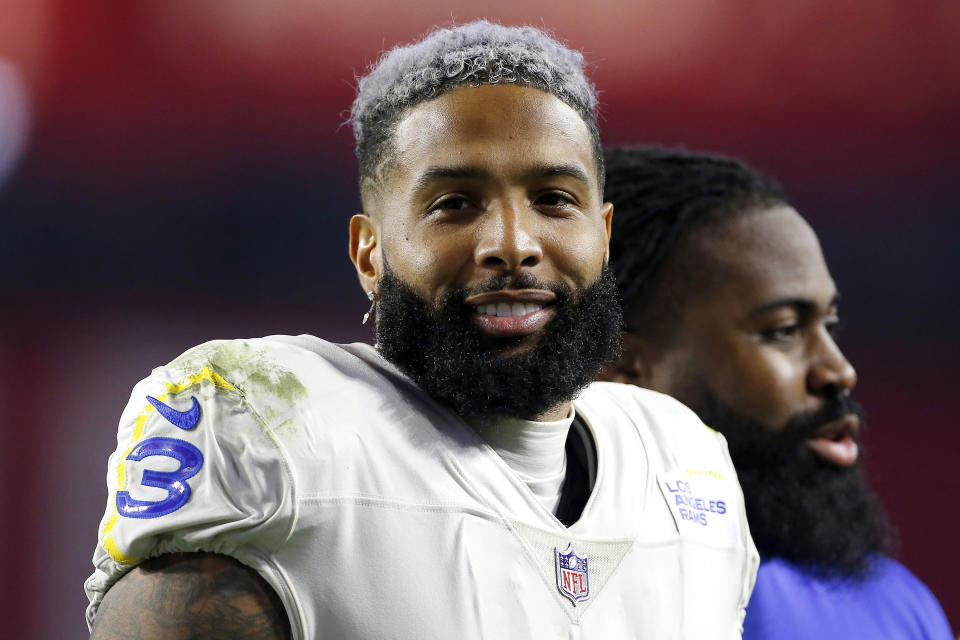 FILE - Los Angeles Rams wide receiver Odell Beckham Jr. walks off the field following an NFL football game against the Arizona Cardinals, Monday, Dec. 13, 2021, in Glendale, Ariz. The bankruptcy of FTX and the arrest of its founder and former CEO are raising new questions about the role celebrity athletes such as Tom Brady, Steph Curry, Naomi Osaka, Beckham Jr., and others played in lending legitimacy to the largely unregulated landscape of crypto, while also reframing the conversation about just how costly blind loyalty to favorite players or teams can be for the average fan. (AP Photo/Ralph Freso, File)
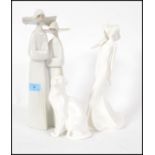 A LLadro Nun figurine group along with a Royal Doulton Images Of Nature cat figurine and a Royal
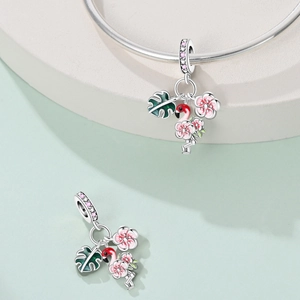Detail of silver flamingo and tropical leaf charms with pink zircon on a bracelet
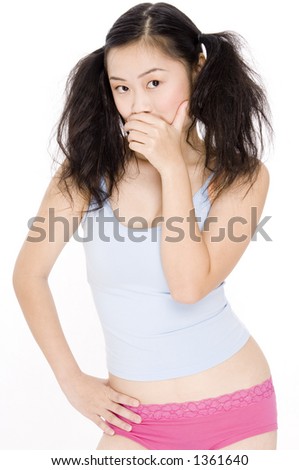 A young asian woman in bunches hides her mouth to whisper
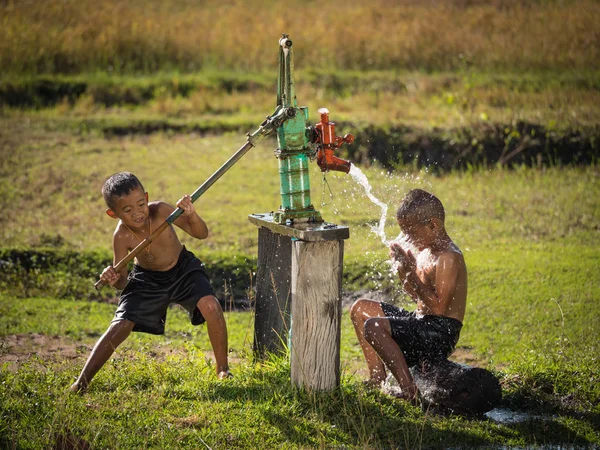Dois meninos balançando banhos de água subterrânea nos dias quentes . Fotos De Bancos De Imagens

• • • •

**PROBLEM DESCRIPTION:** Word for word, restate the records above and drop the pictures.

**ANSWER FOR THE TASK:**
 FILE - Los Angeles Rams wide receiver Odell Beckham Jr. walks off the field following an NFL football game against the Arizona Cardinals, Monday, Dec. 13, 2021, in Glendale, Ariz. The bankruptcy of FTX and the arrest of its founder and former CEO are raising new questions about the role celebrity athletes such as Tom Brady, Steph Curry, Naomi Osaka, Beckham Jr., and others played in lending legitimacy to the largely unregulated landscape of crypto, while also reframing the conversation about just how costly blind loyalty to favorite players or teams can be for the average fan. (AP Photo/Ralph Freso, File)
 A LLadro Nun figurine group along with a Royal Doulton Images Of Nature cat figurine and a Royal
Detail of silver flamingo and tropical leaf charms with pink zircon on a bracelet
 A young asian woman in bunches hides her mouth to whisper
Dois meninos balançando banhos de água subterrânea nos dias quentes . Fotos De Bancos De Imagens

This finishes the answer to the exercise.